• **Assignment**: Write the records out again, unchanged.

(Short text fragments from websites)

- Opening Delimiter -

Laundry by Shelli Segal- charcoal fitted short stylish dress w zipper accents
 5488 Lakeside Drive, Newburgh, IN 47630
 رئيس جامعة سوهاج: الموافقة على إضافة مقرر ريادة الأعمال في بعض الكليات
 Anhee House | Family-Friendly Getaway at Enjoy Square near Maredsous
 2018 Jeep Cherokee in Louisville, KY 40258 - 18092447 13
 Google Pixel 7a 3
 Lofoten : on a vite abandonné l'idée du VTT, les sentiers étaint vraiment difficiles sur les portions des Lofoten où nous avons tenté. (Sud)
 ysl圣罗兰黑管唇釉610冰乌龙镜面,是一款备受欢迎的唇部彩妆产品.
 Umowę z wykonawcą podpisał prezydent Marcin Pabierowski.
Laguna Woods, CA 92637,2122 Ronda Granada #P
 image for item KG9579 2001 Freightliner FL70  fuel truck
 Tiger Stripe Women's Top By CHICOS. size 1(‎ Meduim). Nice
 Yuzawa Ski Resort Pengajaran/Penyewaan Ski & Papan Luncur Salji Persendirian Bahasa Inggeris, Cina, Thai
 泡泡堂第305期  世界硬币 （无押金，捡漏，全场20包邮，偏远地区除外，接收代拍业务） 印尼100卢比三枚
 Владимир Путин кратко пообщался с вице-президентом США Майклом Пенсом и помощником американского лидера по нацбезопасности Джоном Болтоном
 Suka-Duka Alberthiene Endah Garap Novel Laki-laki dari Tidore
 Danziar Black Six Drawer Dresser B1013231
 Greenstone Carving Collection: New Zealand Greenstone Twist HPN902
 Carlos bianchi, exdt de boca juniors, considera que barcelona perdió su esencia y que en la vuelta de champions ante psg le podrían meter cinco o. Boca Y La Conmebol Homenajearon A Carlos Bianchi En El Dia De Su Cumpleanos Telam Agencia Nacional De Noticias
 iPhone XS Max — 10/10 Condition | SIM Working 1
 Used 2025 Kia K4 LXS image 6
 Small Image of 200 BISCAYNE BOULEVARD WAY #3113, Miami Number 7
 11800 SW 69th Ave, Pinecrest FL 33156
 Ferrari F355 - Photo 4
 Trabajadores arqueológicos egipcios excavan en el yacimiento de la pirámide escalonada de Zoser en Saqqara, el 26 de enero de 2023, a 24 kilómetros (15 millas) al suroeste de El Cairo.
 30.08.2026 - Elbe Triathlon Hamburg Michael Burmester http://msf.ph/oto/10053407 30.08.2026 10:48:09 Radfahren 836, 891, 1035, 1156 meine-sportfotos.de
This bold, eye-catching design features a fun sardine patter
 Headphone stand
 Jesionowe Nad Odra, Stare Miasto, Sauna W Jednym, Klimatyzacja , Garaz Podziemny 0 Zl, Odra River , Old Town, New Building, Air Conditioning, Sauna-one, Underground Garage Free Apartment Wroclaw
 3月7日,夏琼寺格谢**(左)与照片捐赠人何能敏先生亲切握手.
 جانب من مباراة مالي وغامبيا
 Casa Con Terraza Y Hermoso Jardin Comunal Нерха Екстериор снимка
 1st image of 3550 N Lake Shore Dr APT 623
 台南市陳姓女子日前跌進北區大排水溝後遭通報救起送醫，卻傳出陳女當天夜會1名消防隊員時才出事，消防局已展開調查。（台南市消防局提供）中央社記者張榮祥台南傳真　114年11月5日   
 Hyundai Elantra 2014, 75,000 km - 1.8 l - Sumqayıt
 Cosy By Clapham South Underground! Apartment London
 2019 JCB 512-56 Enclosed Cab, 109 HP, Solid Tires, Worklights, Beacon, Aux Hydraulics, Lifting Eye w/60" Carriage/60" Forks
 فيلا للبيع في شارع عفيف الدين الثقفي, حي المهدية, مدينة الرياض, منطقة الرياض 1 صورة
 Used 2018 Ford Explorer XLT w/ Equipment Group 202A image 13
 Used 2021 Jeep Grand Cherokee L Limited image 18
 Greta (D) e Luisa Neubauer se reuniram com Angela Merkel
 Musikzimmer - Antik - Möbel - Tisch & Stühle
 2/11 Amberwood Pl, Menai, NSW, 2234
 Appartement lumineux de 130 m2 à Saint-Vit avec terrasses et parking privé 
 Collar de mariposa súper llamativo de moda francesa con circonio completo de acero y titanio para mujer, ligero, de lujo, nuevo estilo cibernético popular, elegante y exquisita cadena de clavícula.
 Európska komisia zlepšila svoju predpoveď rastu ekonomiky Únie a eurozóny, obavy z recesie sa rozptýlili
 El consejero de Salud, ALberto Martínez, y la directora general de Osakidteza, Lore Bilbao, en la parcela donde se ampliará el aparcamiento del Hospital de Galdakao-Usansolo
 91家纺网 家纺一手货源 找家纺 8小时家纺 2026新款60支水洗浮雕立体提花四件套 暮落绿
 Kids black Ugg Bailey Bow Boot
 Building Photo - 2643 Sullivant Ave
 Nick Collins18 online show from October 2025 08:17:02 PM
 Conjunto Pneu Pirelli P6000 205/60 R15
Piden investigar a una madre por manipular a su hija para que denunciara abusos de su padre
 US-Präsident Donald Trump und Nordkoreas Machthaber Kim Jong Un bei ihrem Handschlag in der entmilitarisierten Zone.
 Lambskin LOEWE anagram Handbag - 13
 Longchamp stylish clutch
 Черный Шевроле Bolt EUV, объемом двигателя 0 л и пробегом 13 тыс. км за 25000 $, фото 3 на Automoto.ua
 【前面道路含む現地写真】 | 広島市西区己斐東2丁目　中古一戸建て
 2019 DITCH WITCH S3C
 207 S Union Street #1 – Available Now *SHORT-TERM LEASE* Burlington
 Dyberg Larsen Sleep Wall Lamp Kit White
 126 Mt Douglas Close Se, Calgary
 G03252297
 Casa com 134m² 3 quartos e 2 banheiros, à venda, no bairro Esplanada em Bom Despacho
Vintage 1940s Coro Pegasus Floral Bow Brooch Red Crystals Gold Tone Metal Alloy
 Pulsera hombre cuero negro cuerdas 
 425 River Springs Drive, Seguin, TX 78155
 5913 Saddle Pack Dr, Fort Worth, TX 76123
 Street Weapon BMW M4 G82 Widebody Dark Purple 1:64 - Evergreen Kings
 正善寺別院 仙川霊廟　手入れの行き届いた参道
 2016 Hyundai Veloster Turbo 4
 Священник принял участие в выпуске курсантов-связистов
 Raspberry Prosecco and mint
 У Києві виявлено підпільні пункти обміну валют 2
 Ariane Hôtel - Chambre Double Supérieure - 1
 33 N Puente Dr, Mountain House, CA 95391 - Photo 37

- Closing Delimiter -

• **Answer box**:
Laundry by Shelli Segal- charcoal fitted short stylish dress w zipper accents
 5488 Lakeside Drive, Newburgh, IN 47630
 رئيس جامعة سوهاج: الموافقة على إضافة مقرر ريادة الأعمال في بعض الكليات
 Anhee House | Family-Friendly Getaway at Enjoy Square near Maredsous
 2018 Jeep Cherokee in Louisville, KY 40258 - 18092447 13
 Google Pixel 7a 3
 Lofoten : on a vite abandonné l'idée du VTT, les sentiers étaint vraiment difficiles sur les portions des Lofoten où nous avons tenté. (Sud)
 ysl圣罗兰黑管唇釉610冰乌龙镜面,是一款备受欢迎的唇部彩妆产品.
 Umowę z wykonawcą podpisał prezydent Marcin Pabierowski.
Laguna Woods, CA 92637,2122 Ronda Granada #P
 image for item KG9579 2001 Freightliner FL70  fuel truck
 Tiger Stripe Women's Top By CHICOS. size 1(‎ Meduim). Nice
 Yuzawa Ski Resort Pengajaran/Penyewaan Ski & Papan Luncur Salji Persendirian Bahasa Inggeris, Cina, Thai
 泡泡堂第305期  世界硬币 （无押金，捡漏，全场20包邮，偏远地区除外，接收代拍业务） 印尼100卢比三枚
 Владимир Путин кратко пообщался с вице-президентом США Майклом Пенсом и помощником американского лидера по нацбезопасности Джоном Болтоном
 Suka-Duka Alberthiene Endah Garap Novel Laki-laki dari Tidore
 Danziar Black Six Drawer Dresser B1013231
 Greenstone Carving Collection: New Zealand Greenstone Twist HPN902
 Carlos bianchi, exdt de boca juniors, considera que barcelona perdió su esencia y que en la vuelta de champions ante psg le podrían meter cinco o. Boca Y La Conmebol Homenajearon A Carlos Bianchi En El Dia De Su Cumpleanos Telam Agencia Nacional De Noticias
 iPhone XS Max — 10/10 Condition | SIM Working 1
 Used 2025 Kia K4 LXS image 6
 Small Image of 200 BISCAYNE BOULEVARD WAY #3113, Miami Number 7
 11800 SW 69th Ave, Pinecrest FL 33156
 Ferrari F355 - Photo 4
 Trabajadores arqueológicos egipcios excavan en el yacimiento de la pirámide escalonada de Zoser en Saqqara, el 26 de enero de 2023, a 24 kilómetros (15 millas) al suroeste de El Cairo.
 30.08.2026 - Elbe Triathlon Hamburg Michael Burmester http://msf.ph/oto/10053407 30.08.2026 10:48:09 Radfahren 836, 891, 1035, 1156 meine-sportfotos.de
This bold, eye-catching design features a fun sardine patter
 Headphone stand
 Jesionowe Nad Odra, Stare Miasto, Sauna W Jednym, Klimatyzacja , Garaz Podziemny 0 Zl, Odra River , Old Town, New Building, Air Conditioning, Sauna-one, Underground Garage Free Apartment Wroclaw
 3月7日,夏琼寺格谢**(左)与照片捐赠人何能敏先生亲切握手.
 جانب من مباراة مالي وغامبيا
 Casa Con Terraza Y Hermoso Jardin Comunal Нерха Екстериор снимка
 1st image of 3550 N Lake Shore Dr APT 623
 台南市陳姓女子日前跌進北區大排水溝後遭通報救起送醫，卻傳出陳女當天夜會1名消防隊員時才出事，消防局已展開調查。（台南市消防局提供）中央社記者張榮祥台南傳真　114年11月5日   
 Hyundai Elantra 2014, 75,000 km - 1.8 l - Sumqayıt
 Cosy By Clapham South Underground! Apartment London
 2019 JCB 512-56 Enclosed Cab, 109 HP, Solid Tires, Worklights, Beacon, Aux Hydraulics, Lifting Eye w/60" Carriage/60" Forks
 فيلا للبيع في شارع عفيف الدين الثقفي, حي المهدية, مدينة الرياض, منطقة الرياض 1 صورة
 Used 2018 Ford Explorer XLT w/ Equipment Group 202A image 13
 Used 2021 Jeep Grand Cherokee L Limited image 18
 Greta (D) e Luisa Neubauer se reuniram com Angela Merkel
 Musikzimmer - Antik - Möbel - Tisch & Stühle
 2/11 Amberwood Pl, Menai, NSW, 2234
 Appartement lumineux de 130 m2 à Saint-Vit avec terrasses et parking privé 
 Collar de mariposa súper llamativo de moda francesa con circonio completo de acero y titanio para mujer, ligero, de lujo, nuevo estilo cibernético popular, elegante y exquisita cadena de clavícula.
 Európska komisia zlepšila svoju predpoveď rastu ekonomiky Únie a eurozóny, obavy z recesie sa rozptýlili
 El consejero de Salud, ALberto Martínez, y la directora general de Osakidteza, Lore Bilbao, en la parcela donde se ampliará el aparcamiento del Hospital de Galdakao-Usansolo
 91家纺网 家纺一手货源 找家纺 8小时家纺 2026新款60支水洗浮雕立体提花四件套 暮落绿
 Kids black Ugg Bailey Bow Boot
 Building Photo - 2643 Sullivant Ave
 Nick Collins18 online show from October 2025 08:17:02 PM
 Conjunto Pneu Pirelli P6000 205/60 R15
Piden investigar a una madre por manipular a su hija para que denunciara abusos de su padre
 US-Präsident Donald Trump und Nordkoreas Machthaber Kim Jong Un bei ihrem Handschlag in der entmilitarisierten Zone.
 Lambskin LOEWE anagram Handbag - 13
 Longchamp stylish clutch
 Черный Шевроле Bolt EUV, объемом двигателя 0 л и пробегом 13 тыс. км за 25000 $, фото 3 на Automoto.ua
 【前面道路含む現地写真】 | 広島市西区己斐東2丁目　中古一戸建て
 2019 DITCH WITCH S3C
 207 S Union Street #1 – Available Now *SHORT-TERM LEASE* Burlington
 Dyberg Larsen Sleep Wall Lamp Kit White
 126 Mt Douglas Close Se, Calgary
 G03252297
 Casa com 134m² 3 quartos e 2 banheiros, à venda, no bairro Esplanada em Bom Despacho
Vintage 1940s Coro Pegasus Floral Bow Brooch Red Crystals Gold Tone Metal Alloy
 Pulsera hombre cuero negro cuerdas 
 425 River Springs Drive, Seguin, TX 78155
 5913 Saddle Pack Dr, Fort Worth, TX 76123
 Street Weapon BMW M4 G82 Widebody Dark Purple 1:64 - Evergreen Kings
 正善寺別院 仙川霊廟　手入れの行き届いた参道
 2016 Hyundai Veloster Turbo 4
 Священник принял участие в выпуске курсантов-связистов
 Raspberry Prosecco and mint
 У Києві виявлено підпільні пункти обміну валют 2
 Ariane Hôtel - Chambre Double Supérieure - 1
 33 N Puente Dr, Mountain House, CA 95391 - Photo 37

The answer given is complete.